Photos by Quinn Wharton featuring Ballet Idaho dancers Anissa Bailis and Kaelyn Lefferts.
Mozart in Motion: An Interview with Ballet Idaho’s Garrett Anderson
Ballet Idaho is launching into its 50th Anniversary Season with Mozart in Motion. Featuring four ballet works set to the music of (you guessed it), Mozart, this repertory performance promises to be a study of musical mastery.
We sat down with Ballet Idaho Artistic Director Garrett Anderson to learn more about the music woven through this evening, and to explore how each choreographer brings a fresh voices to compositions we already treasure.
There are a few key composers who tend to be highlighted in the ballet world, with names such as Tchaikovsky and Stravinsky dominating the classical dance space. Mozart however, despite his standing as one of the most important western composers of all time, is seldom brought to life in the ballet world. Why is that, and what inspired you to take on this unique challenge of bringing ballet and Mozart together?

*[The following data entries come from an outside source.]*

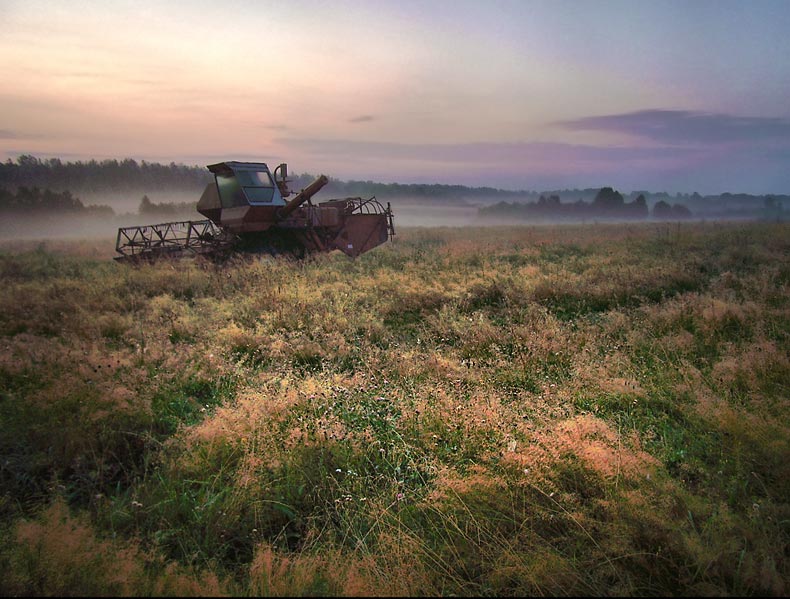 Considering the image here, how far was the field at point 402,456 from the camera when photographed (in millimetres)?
2656

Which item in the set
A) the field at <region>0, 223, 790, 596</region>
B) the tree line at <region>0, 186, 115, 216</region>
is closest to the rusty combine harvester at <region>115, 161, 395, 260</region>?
the field at <region>0, 223, 790, 596</region>

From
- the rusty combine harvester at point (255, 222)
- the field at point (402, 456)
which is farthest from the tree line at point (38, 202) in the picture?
the field at point (402, 456)

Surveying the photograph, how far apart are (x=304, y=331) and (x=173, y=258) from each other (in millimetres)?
9892

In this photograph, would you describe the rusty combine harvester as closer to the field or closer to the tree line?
the field

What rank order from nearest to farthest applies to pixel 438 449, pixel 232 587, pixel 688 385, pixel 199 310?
1. pixel 232 587
2. pixel 438 449
3. pixel 688 385
4. pixel 199 310

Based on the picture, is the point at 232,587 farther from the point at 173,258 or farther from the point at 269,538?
the point at 173,258

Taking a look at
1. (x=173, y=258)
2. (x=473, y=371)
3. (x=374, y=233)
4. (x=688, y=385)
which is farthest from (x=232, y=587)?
(x=374, y=233)

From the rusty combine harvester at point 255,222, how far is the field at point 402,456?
25.8ft

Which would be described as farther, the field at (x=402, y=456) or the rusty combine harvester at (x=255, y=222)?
the rusty combine harvester at (x=255, y=222)

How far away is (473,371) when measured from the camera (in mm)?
5551

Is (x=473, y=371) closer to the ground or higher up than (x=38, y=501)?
higher up

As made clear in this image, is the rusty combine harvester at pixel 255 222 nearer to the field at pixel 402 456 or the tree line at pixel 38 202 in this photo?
the field at pixel 402 456

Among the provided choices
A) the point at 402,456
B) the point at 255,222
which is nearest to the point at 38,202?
the point at 255,222

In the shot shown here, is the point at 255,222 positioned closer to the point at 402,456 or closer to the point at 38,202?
the point at 402,456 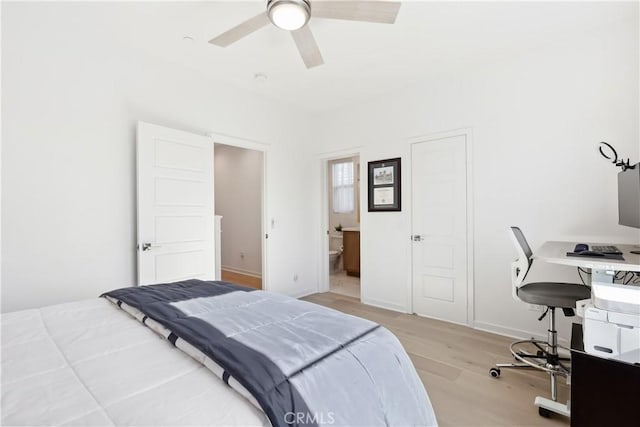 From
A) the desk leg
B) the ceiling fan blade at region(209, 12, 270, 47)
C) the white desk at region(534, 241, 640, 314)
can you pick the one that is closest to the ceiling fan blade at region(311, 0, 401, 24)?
the ceiling fan blade at region(209, 12, 270, 47)

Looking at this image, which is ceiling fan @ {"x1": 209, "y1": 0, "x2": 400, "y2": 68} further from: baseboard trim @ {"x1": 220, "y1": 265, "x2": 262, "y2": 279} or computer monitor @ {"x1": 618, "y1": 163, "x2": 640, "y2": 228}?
baseboard trim @ {"x1": 220, "y1": 265, "x2": 262, "y2": 279}

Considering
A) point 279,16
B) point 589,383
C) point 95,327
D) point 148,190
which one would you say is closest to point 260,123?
point 148,190

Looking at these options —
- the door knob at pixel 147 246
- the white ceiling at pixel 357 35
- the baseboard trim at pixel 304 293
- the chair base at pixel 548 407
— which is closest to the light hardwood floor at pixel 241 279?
the baseboard trim at pixel 304 293

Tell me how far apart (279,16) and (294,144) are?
2.45 m

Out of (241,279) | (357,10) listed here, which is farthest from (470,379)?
Result: (241,279)

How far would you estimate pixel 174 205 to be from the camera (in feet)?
9.67

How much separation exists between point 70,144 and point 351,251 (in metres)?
4.41

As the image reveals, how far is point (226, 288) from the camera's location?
6.18ft

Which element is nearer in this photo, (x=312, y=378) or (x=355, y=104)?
(x=312, y=378)

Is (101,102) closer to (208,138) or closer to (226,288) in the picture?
(208,138)

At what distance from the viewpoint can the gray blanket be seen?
0.85 meters

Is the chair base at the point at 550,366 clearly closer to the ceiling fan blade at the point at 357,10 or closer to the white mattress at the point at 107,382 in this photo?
the white mattress at the point at 107,382

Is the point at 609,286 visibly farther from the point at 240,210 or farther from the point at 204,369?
the point at 240,210

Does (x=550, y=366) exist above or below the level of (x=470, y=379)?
above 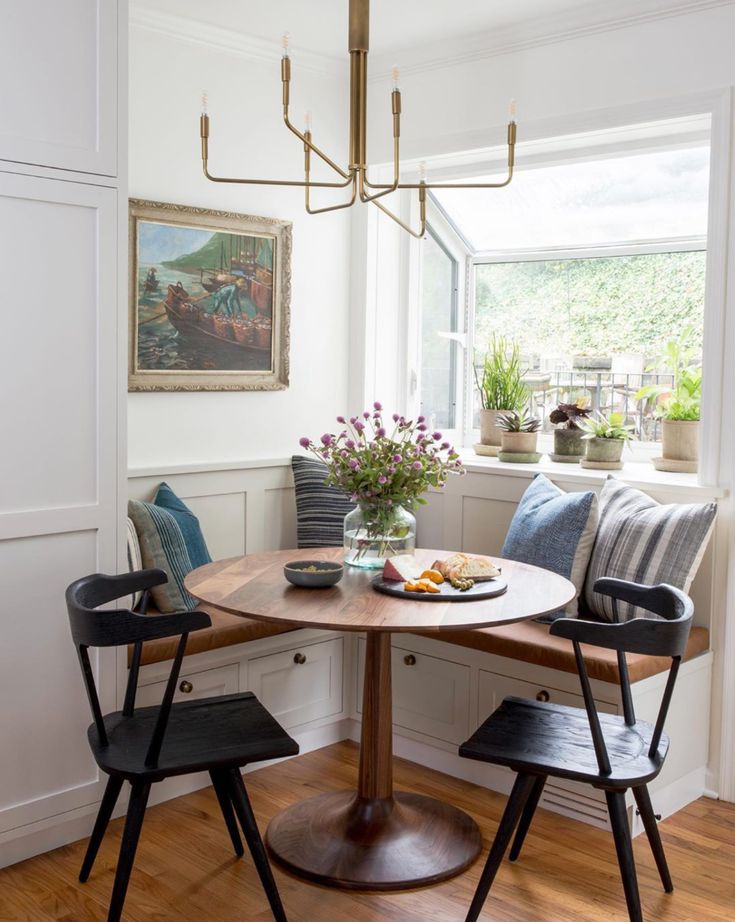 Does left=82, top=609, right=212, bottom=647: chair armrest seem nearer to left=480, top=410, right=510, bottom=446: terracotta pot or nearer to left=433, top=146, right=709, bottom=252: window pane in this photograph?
left=480, top=410, right=510, bottom=446: terracotta pot

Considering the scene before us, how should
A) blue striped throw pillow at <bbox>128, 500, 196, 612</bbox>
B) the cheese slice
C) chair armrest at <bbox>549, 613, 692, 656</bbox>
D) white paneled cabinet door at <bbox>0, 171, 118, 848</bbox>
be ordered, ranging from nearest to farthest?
1. chair armrest at <bbox>549, 613, 692, 656</bbox>
2. white paneled cabinet door at <bbox>0, 171, 118, 848</bbox>
3. the cheese slice
4. blue striped throw pillow at <bbox>128, 500, 196, 612</bbox>

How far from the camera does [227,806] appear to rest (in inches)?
104

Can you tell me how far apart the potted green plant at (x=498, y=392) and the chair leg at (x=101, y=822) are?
7.43 ft

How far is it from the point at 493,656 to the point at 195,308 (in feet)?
5.46

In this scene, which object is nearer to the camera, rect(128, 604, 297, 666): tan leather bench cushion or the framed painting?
rect(128, 604, 297, 666): tan leather bench cushion

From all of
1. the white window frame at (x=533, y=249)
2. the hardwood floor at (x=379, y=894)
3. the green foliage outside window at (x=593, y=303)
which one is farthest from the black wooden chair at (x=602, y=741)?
the green foliage outside window at (x=593, y=303)

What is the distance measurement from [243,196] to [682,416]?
1.87m

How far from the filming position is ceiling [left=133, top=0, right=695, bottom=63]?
11.1 feet

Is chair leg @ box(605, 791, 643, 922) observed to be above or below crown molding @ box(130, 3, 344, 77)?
below

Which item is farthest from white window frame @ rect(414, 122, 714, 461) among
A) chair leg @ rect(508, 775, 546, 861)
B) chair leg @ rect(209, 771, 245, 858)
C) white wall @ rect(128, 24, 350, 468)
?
chair leg @ rect(209, 771, 245, 858)

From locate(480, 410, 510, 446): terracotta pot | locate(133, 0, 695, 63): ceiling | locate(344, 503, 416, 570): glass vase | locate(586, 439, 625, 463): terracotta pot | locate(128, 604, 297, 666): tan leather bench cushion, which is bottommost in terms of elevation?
locate(128, 604, 297, 666): tan leather bench cushion

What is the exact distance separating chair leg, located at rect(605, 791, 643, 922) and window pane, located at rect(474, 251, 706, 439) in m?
1.91

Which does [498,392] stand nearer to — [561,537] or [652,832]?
[561,537]

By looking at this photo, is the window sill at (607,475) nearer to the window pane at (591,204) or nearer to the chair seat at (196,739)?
the window pane at (591,204) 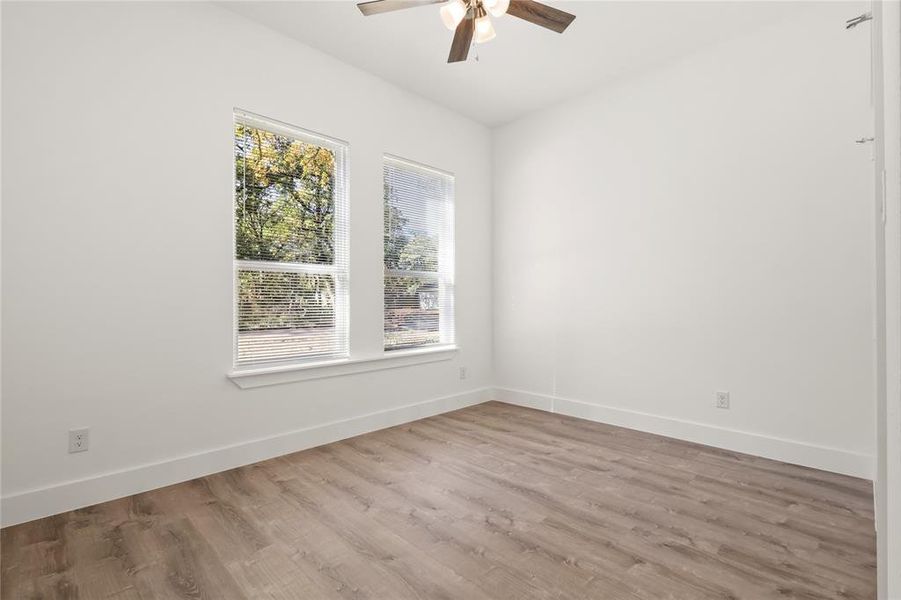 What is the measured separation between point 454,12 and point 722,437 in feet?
10.4

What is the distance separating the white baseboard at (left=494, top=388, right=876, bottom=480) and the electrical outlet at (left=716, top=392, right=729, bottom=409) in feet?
0.52

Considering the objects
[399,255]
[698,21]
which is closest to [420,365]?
[399,255]

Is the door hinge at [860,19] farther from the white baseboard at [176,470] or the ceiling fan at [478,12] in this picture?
the white baseboard at [176,470]

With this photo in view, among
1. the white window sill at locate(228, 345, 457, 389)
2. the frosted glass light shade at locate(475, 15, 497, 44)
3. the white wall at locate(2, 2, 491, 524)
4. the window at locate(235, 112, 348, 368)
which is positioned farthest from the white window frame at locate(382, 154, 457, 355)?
the frosted glass light shade at locate(475, 15, 497, 44)

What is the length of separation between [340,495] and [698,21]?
3.68 meters

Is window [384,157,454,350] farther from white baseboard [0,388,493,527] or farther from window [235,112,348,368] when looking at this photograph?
white baseboard [0,388,493,527]

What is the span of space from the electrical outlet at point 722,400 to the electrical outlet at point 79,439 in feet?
12.6

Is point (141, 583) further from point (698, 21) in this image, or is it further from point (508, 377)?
point (698, 21)

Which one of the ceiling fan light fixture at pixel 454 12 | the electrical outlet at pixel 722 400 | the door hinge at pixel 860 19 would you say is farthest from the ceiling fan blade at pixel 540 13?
the electrical outlet at pixel 722 400

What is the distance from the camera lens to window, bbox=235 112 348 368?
2906 millimetres

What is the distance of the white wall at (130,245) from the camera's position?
2141 mm

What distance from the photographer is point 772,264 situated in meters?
2.91

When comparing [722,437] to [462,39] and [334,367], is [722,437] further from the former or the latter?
[462,39]

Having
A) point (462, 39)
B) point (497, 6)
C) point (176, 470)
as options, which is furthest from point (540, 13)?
point (176, 470) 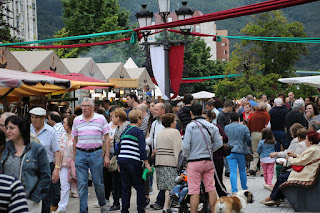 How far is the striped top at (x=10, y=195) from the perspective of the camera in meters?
3.50

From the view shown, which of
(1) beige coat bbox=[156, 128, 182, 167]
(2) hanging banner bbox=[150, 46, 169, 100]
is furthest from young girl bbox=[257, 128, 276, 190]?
(1) beige coat bbox=[156, 128, 182, 167]

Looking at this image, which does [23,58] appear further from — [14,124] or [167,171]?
[14,124]

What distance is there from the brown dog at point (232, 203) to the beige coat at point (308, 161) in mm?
1355

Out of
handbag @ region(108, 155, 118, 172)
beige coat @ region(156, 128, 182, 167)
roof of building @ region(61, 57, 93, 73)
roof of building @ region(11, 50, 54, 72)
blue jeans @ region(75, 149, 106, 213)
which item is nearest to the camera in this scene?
blue jeans @ region(75, 149, 106, 213)

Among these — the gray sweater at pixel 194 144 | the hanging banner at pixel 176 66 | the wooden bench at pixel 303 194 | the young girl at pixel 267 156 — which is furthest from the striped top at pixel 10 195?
the hanging banner at pixel 176 66

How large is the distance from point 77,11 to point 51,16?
390 ft

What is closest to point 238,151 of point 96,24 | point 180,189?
point 180,189

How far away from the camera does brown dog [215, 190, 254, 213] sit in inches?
299

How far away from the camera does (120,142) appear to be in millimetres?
9055

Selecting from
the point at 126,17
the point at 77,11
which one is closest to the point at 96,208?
the point at 77,11

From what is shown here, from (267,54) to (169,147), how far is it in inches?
1214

To be completely honest, it happened by accident. While there are a number of incredible works choreographed to Mozart’s music, you are right in saying that proportionally to some other composers there are relatively few. I was already interested in Concerto 622, after presenting the duet as a stand-alone excerpt last season, I had spoken to
Lar Lubovitch about presenting the full work this season. It is so joyous and hopeful, it felt like the right fit for the opening of a season celebrating our 50th anniversary. I wanted other works that similarly were classics of their time and yet didn’t feel stale or dated.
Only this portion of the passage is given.